Fortunately, radio shock jock Don Imus created a huge flap by using a racial slur against the Rutgers women's basketball team. Then a few days later, the rape charges against three Duke University lacrosse players were dropped after a year of nonstop controversy.

I may be the only person left on the planet who has doubts about the Duke case. Right from Day One, the right-wing fruit bats were all over the case, calling it politically motivated persecution. Three white athletes accused of assaulting a black exotic dancer at a party. Could it be a politically motivated crusade by an corrupt, ambitious but inept DA playing the race card? Certainly. Could the dismissal have been the result of a politically motivated full court press by right wingers anxious to spring three privileged white kids on the pretext "boys will be boys?" Just as certainly. Only four people know for sure. The right wingers were constantly asking whether there would be the same kind of prosecutorial zeal if the victim had been white and the alleged attackers black. Fair question. Here's another fair question. Would the right wingers have been as vociferous about innocence if the victim had been white and the alleged attackers black?

Two undoubted acts of justice came out of this mess. First, the coach was fired. Well, he resigned, but we all know the drill.

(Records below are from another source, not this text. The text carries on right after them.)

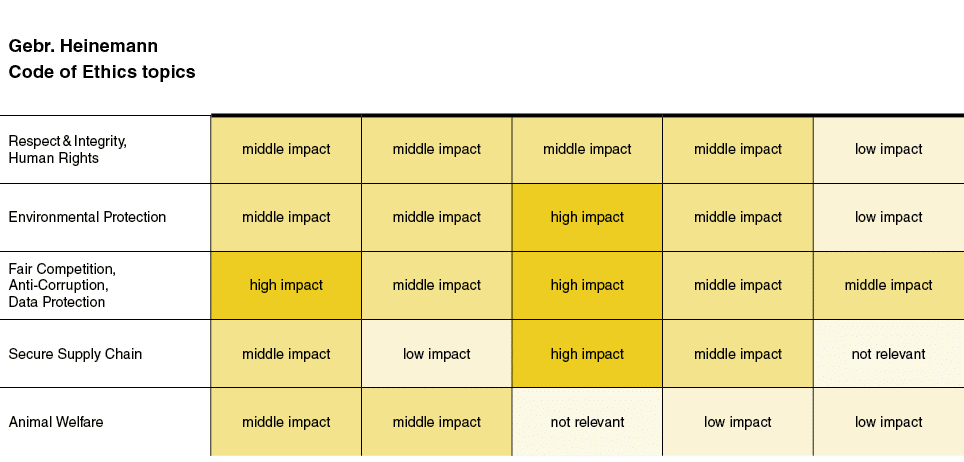 Gebr  Heinemann Code of Ethics topics,,,,,,Respect & Integrity, Human Rights,middle impact,middle impact,middle impac   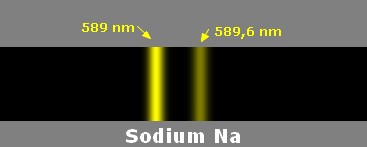 doublet du sodium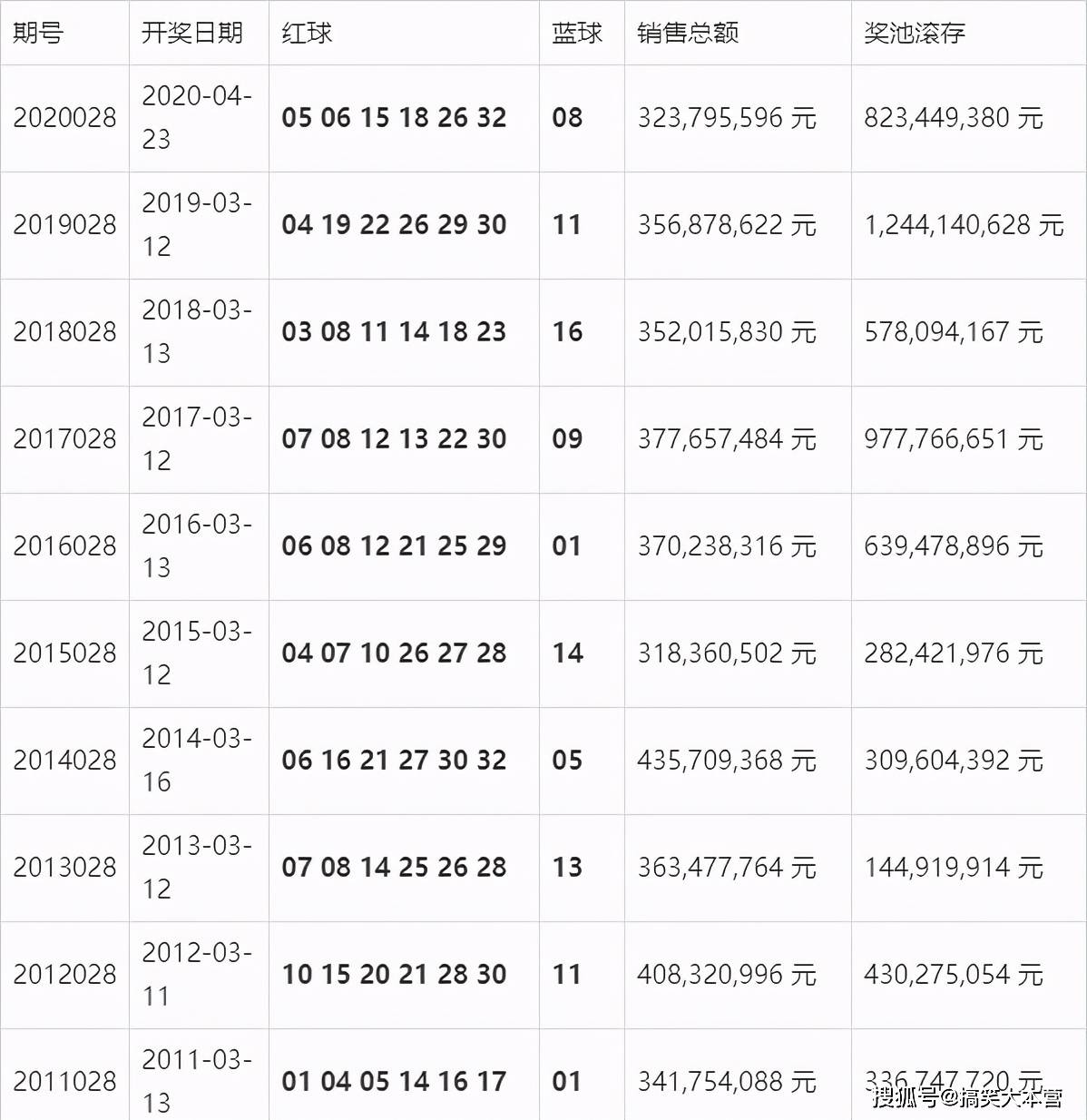 新澳开奖结果+开奖记录，理论解答解释落实_娱乐版60.10.89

Second, the Duke team forfeited the rest of its season.

Why is this justice? Well, why do we have sports on college campuses at all? There is no skill whatsoever in any sport that belongs in a university curriculum. Basketball, football, and lacrosse are no more college studies than hairdressing, typing, or auto body repair. There is nothing at all wrong with any of those trades, but we teach them in tech schools, and sports skills are tech school skills, not college skills.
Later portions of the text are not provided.